___ Data to process ___

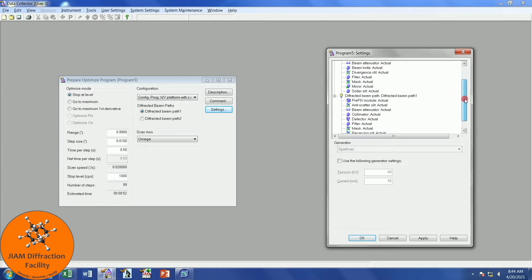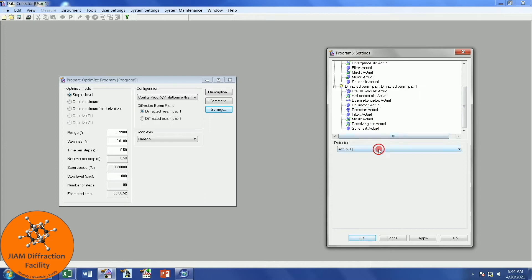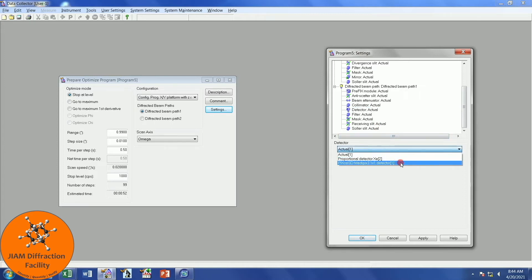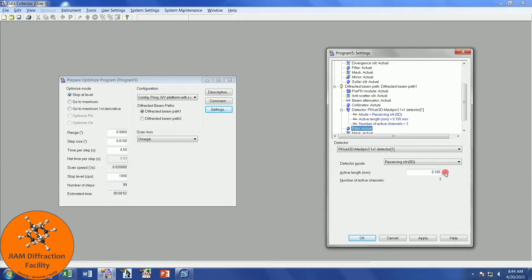For now, though, at the very least, if you don't set up anything else, I do recommend that you come down here to detector and choose which one you will use. Personally, I am using the pixel detector, so I will choose that. I want to make sure that it is receiving slit 0D. I will change my active length to 0.1 and hit tab on the keyboard. We see that it changed the active length slightly and gave me three active channels. Now I will click OK.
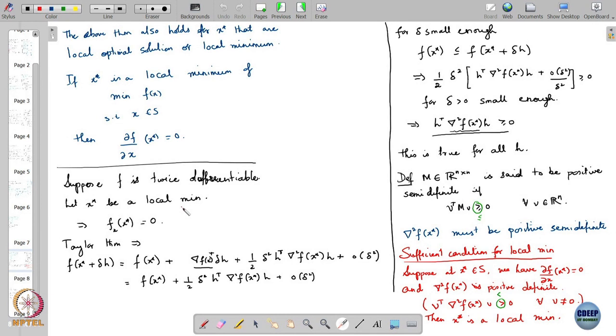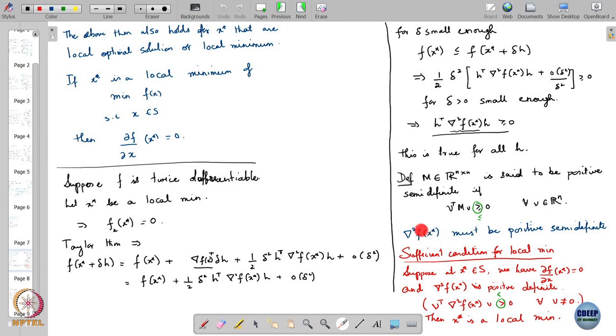We also got a stronger necessary condition which said that the Hessian of f at x* must be positive semi-definite. So if x* is a local solution, then the Hessian of f evaluated at x* must be positive semi-definite. This is also a necessary condition.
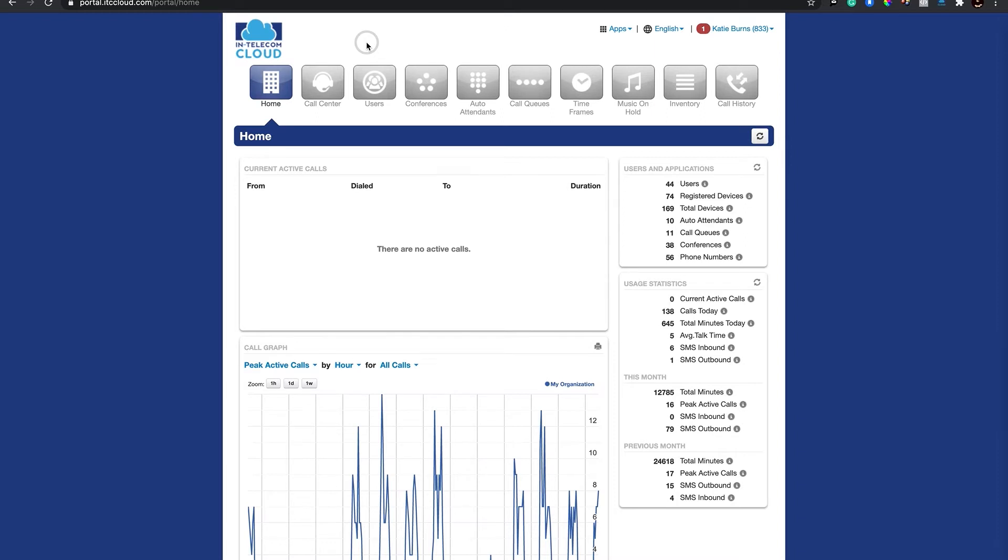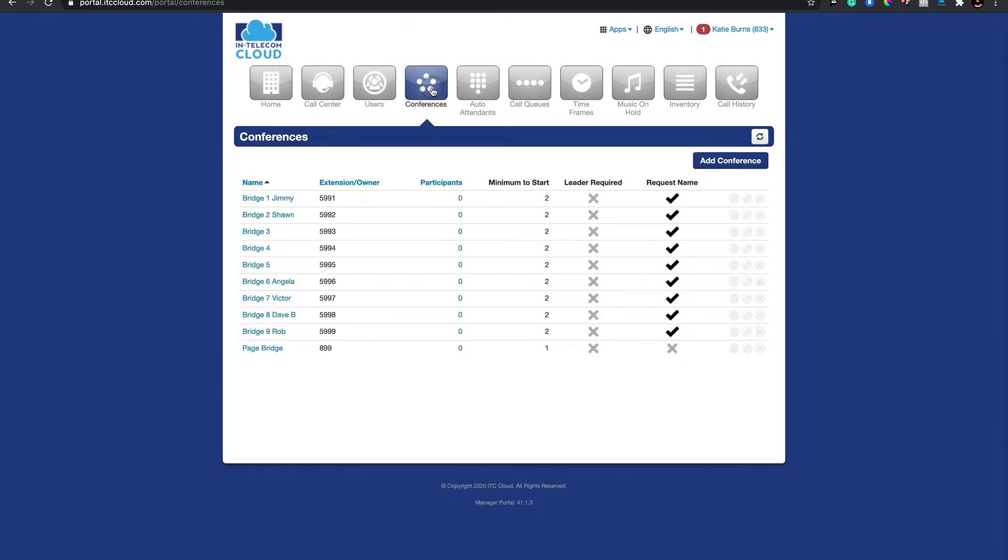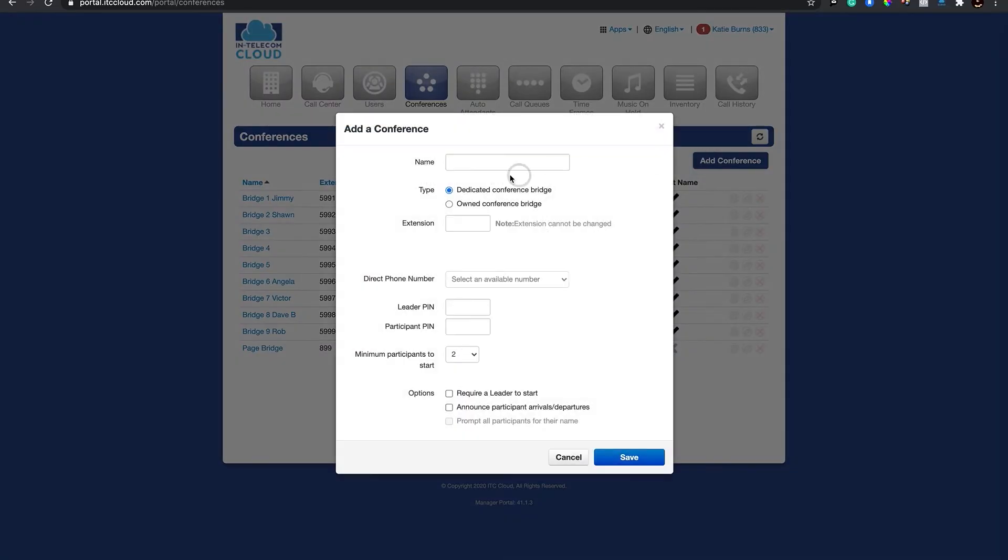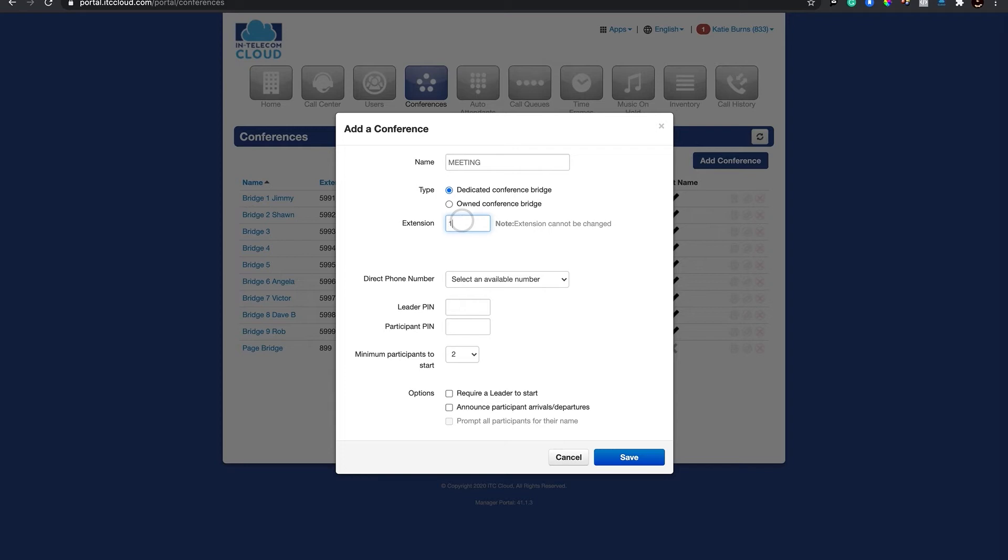Click on Conferences, then Add Conference. Here you will name your conference bridge and select the extension.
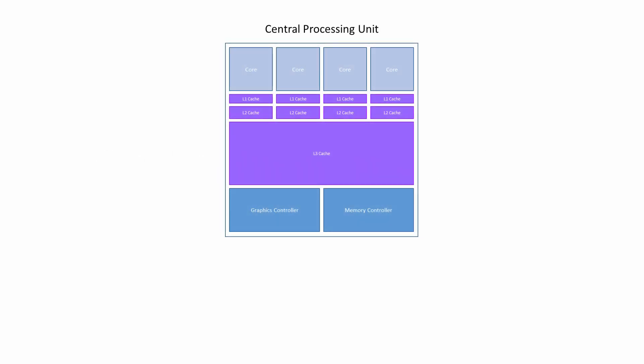Before we look at the graphics processing unit, the GPU, let's quickly review the workings of the central processing unit, the CPU.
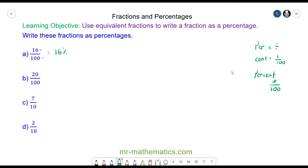For question b, again because it is written as a fraction already over 100, this is simply 20 percent.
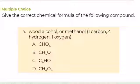Number 4. Give the correct chemical formula of the following compound: wood alcohol or methanol. You have 1 carbon, 4 hydrogen, and 1 oxygen. A. CHO4, B. CH4O, C. C4HO, or D. CH4O4. What is your answer?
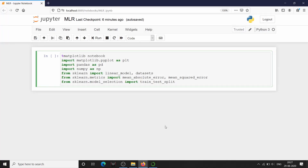Hi everyone, it is good to meet you all. In this next video of the Python tutorial series, we will be implementing multiple linear regression in Python. In multiple linear regression we have two or more feature variables and one target variable. When we have two feature variables and one target variable it becomes three-dimensional when we visualize it.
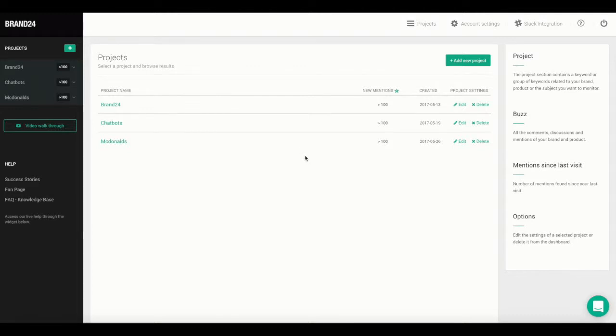Hi, this is Chia from Brand24, and today I'm going to show you how to create a new project. This is important because your project settings will affect the quality of your collected data.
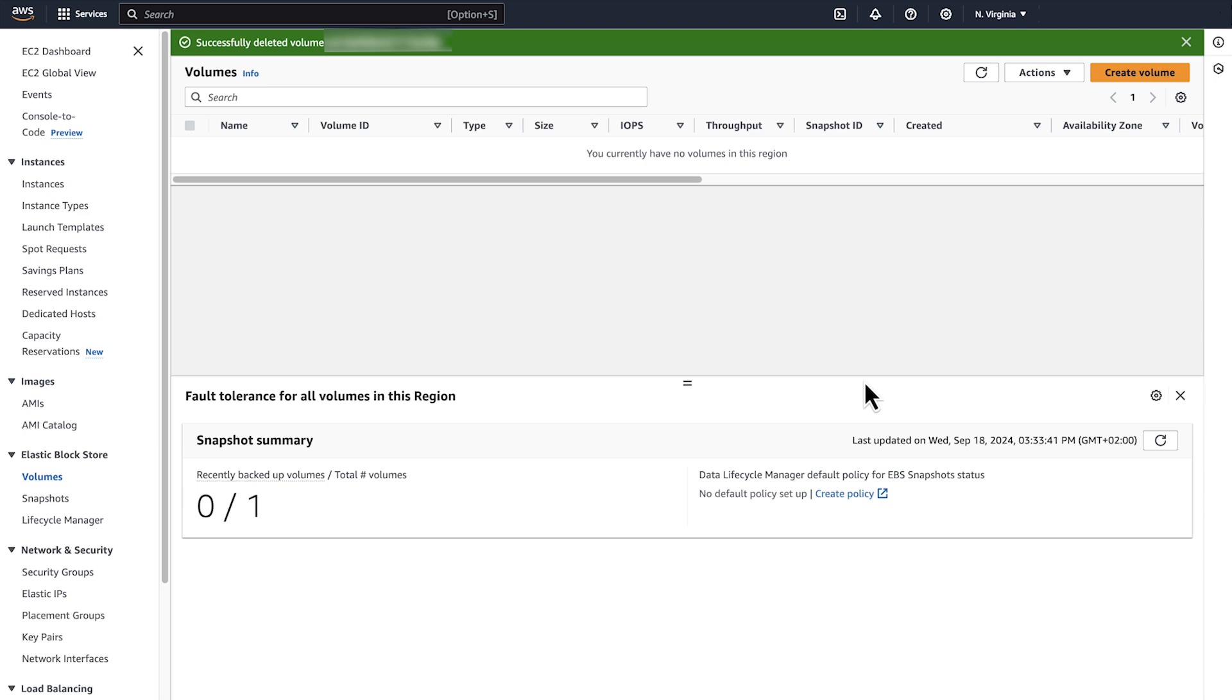Before you delete a volume, however, it's a good idea to create a snapshot. For more information on snapshots, please visit the link in the video description.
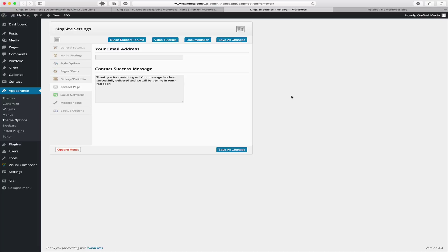The next tab in our theme options is the contact page, which allows you to define your email address as well as a contact success message. By default we do have a pre-written success message in there that you may wish to customize to suit your own specific needs.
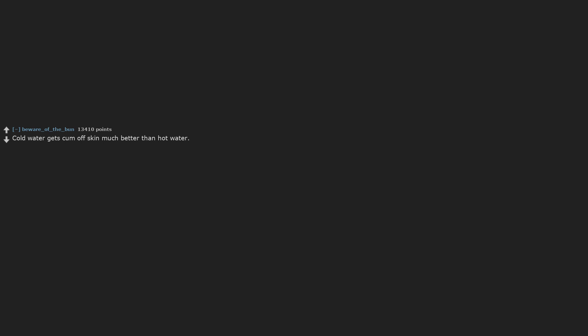What are the best NSFW life hacks? Cold water gets come off skin much better than hot water. Fun fact, cold water also gets blood out of fabric.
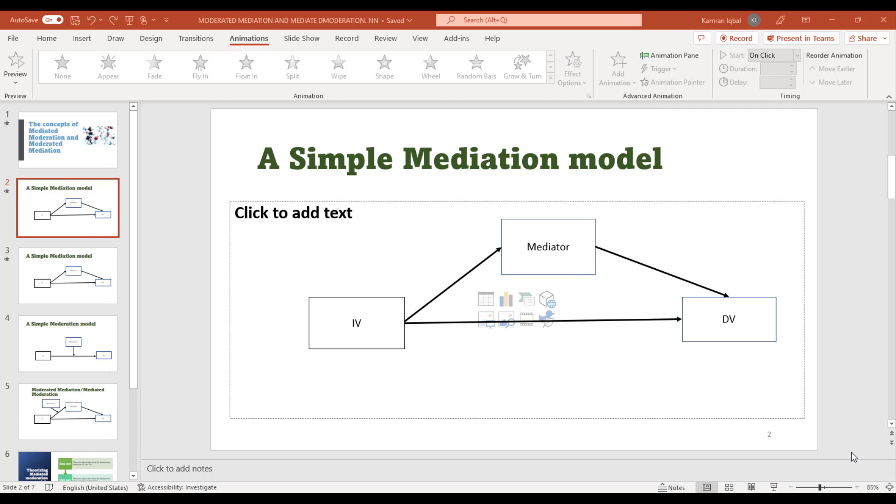the people you select can view and edit the file. This will help you collaborate on a presentation with your colleagues rather than creating multiple files and, in the end, worrying about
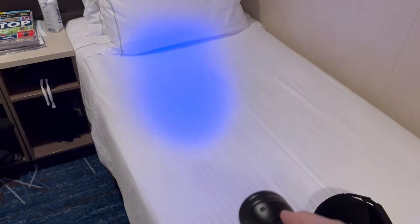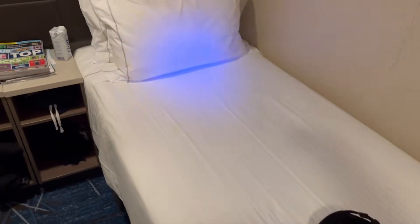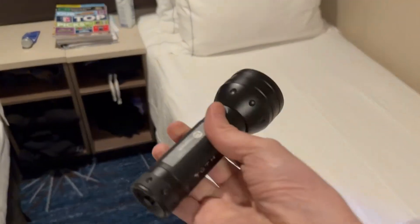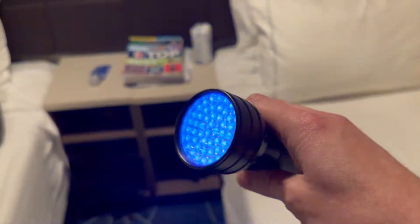The black light test is one of my favorite things to do in any hotel that I ever check in. This time, I'm doing the black light test on board the Norwegian Joy, a cruise ship stateroom.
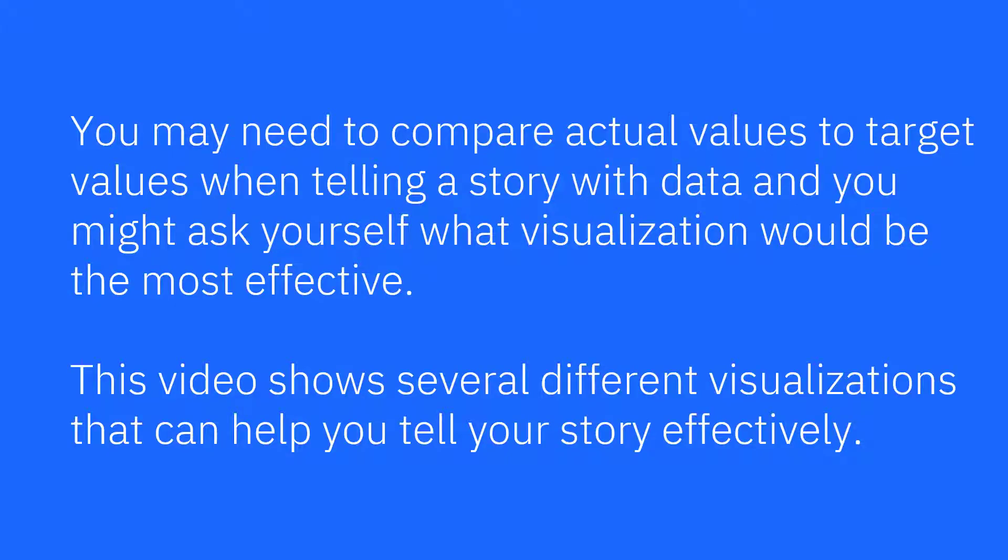You may need to compare actual values to target values when telling a story with data, and you might ask yourself what visualization would be the most effective. This video shows several different visualizations that can help you tell your story effectively.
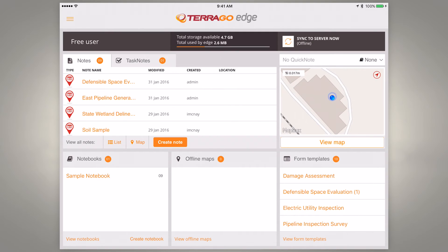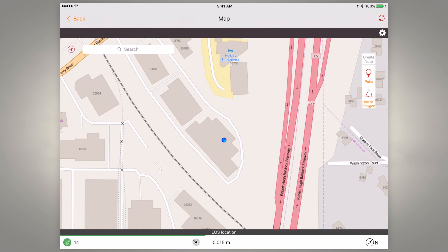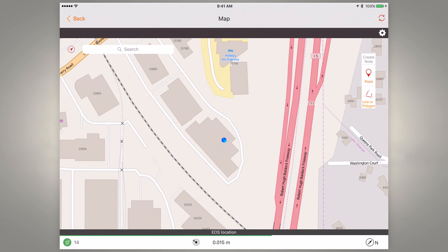Let's go back to home. Now if we go into 'View Map,' you can see in the bottom left that we're pulling information from 14 satellites. In the center bottom it's telling us that it is using the location data from our EOS Arrow receiver, and you can see that we're currently getting 1.5 centimeter accuracy.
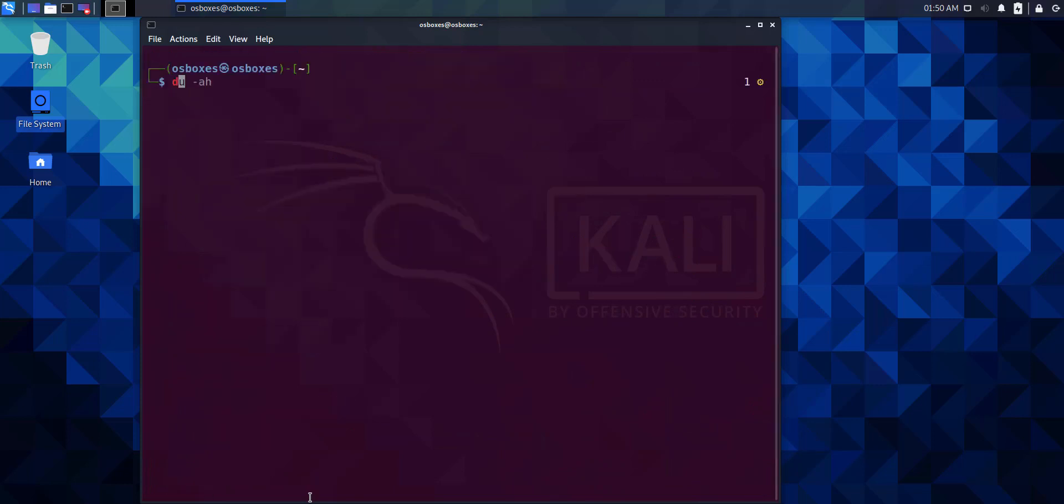Lastly, we're executing the du -sh command. We can see the summary of disk space usage in megabytes within the home directory. It's 68 megabytes.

___

[Problem to solve] Pictures aside, write out verbatim every line from the first line of the material through the line holding "Click on Conferences, then".

[Result of the task]
For now, though, at the very least, if you don't set up anything else, I do recommend that you come down here to detector and choose which one you will use. Personally, I am using the pixel detector, so I will choose that. I want to make sure that it is receiving slit 0D. I will change my active length to 0.1 and hit tab on the keyboard. We see that it changed the active length slightly and gave me three active channels. Now I will click OK.
We also got a stronger necessary condition which said that the Hessian of f at x* must be positive semi-definite. So if x* is a local solution, then the Hessian of f evaluated at x* must be positive semi-definite. This is also a necessary condition.
Click on Conferences, then Add Conference. Here you will name your conference bridge and select the extension.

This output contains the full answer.